夏离转过头看着她,沉声道,“我已经决定离开这里,便与这夏府的人再无半分干系。”说罢,她翻开先前藏了两把椅子的杂草堆。
“怎么回事?我藏在这里的椅子呢?”她惊诧,连忙四下找开来。身后的春生也一头雾水。
“不必找了。我把它们拿走了。”一个人声从她们身后传来,吓得两人一个激灵。
夏离转过身,陈氏披着一件厚厚的风衣,站在竹林中,身侧是夏筱和秋玉。
“母亲?”夏离惊讶,她怎么会在这里?
陈氏走近夏离,拉起她的手便往回走,“跟我回去。”
夏离甩开她的手,“我不回。我已经说过了,我不嫁!既然父亲执意要我走,那我便自己走。”
陈氏被她这一甩震得往旁边踉跄了一步,夏筱赶紧上前扶住她。她摇着头,难以置信地看向夏离,
“筱儿告诉我的时候,我还不信。没想到,你竟真的想要逃走。”她叹了口气,
“表姐在世时,叮嘱过我,要我好生照看你。如今你放着大好的姻缘不要,却要做出逃婚这等荒唐的事来,你有没有想过将来?你逃出去了又能怎样?难道你要到街上抛头露面,苟且偷生么?我坚决不准!”她看着夏离,神色严肃。

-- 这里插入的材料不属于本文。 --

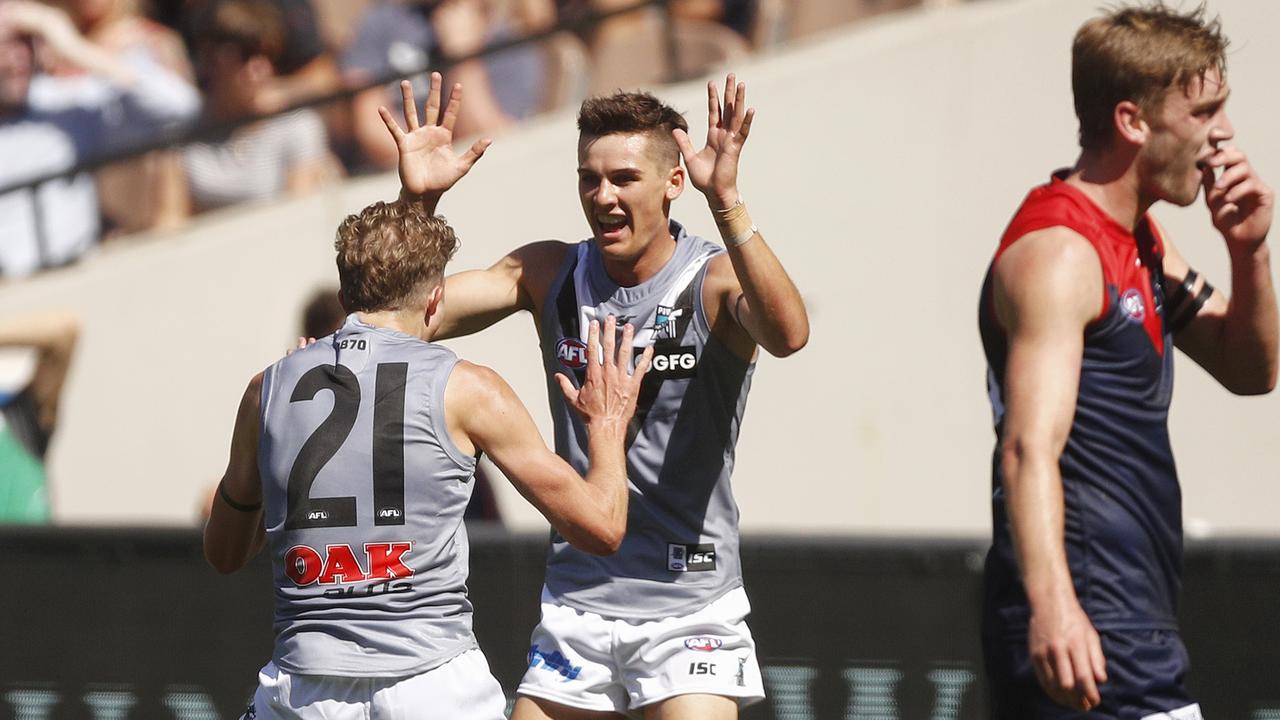 Xavier Duursma celebrates a goal with fellow rookie Connor Rozee on Saturday. Picture: AAP Image/Daniel Pockett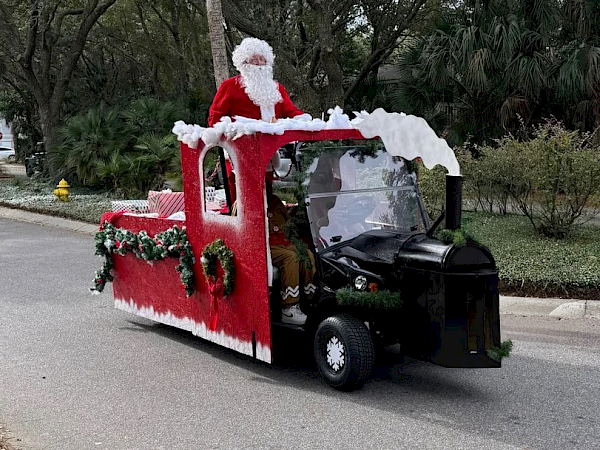 A person in a Santa suit is riding a small vehicle decorated like a holiday train, complete with festive garlands, on a road.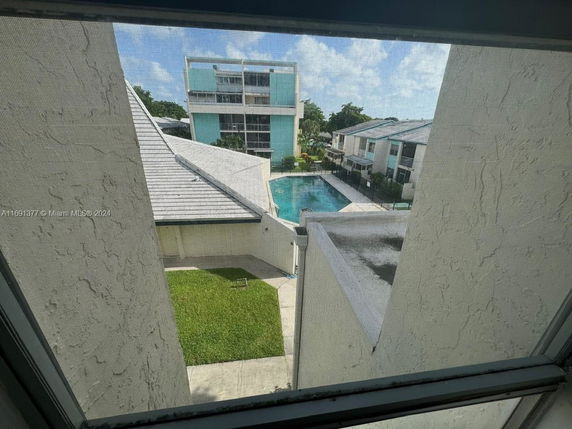 View from a window overlooking a swimming pool and nearby buildings.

夏离没想到她竟搬出自己的亲生母亲来压自己,她愈发不快,
“别提我母亲!她如果在世,也不会逼我嫁给一个我不愿嫁的人。”她抬头盯着陈氏的双眼,语气里带了些轻蔑,“你不过也只是希望我早日从这夏府中消失,你们一家子好其乐融融。”
“你!”陈氏顿时气地说不出话。
一旁的夏筱和秋玉几乎同时开口,
“你怎么能这么和母亲说话!”
“你怎么能这么和夫人说话!”
陈氏比了个手势,让她们安静,她缓了一口气,再次看向夏离,
“我最后再问你一遍,你跟不跟我回去?”
夏离目光冰冷,“我不回去。”
陈氏沉沉叹了口气,然后转身对秋玉说,“去禀报老爷吧。”
她本来不愿惊动夏久烛,因为她知道,如果夏久烛得知了这件事,势必会对夏离大发脾气。虽然她没有做到将夏离像亲生女儿般疼爱,但她也还是谨记着表姐临走前的嘱托,对她尽可能地关照。如今她既然不愿意领情,那她也不必再为她着想。
夏府的下人很快就赶来了,夏离和春生被众人包围。她这下是逃不掉了...
夏久烛面色铁青,他见到这个离经叛道的女儿,连句话都懒得对她说。他只对那几个下人厉声命令道,
“把这个孽子给我关进她的房间里看好了!出嫁之前一步房门都不准出!”
他又看了一眼站在夏离身后瑟瑟发抖的春生,
“把那个丫头拉下去打二十大板,逐出府去!”
“小姐!”春生腿一软跪到了地上。
夏离眼睁睁看着一众下人把春生拖走,她却什么也做不了。几个下人上前来欲架住她,她喝斥道,
“别碰我,我自己走。”
见自家姐姐最后还是没能逃出夏府,夏筱脸上浮起笑容。姐姐,我不会让你这么容易就逃走的...她整了整自己的衣摆,袖中露出了一封书信的一角。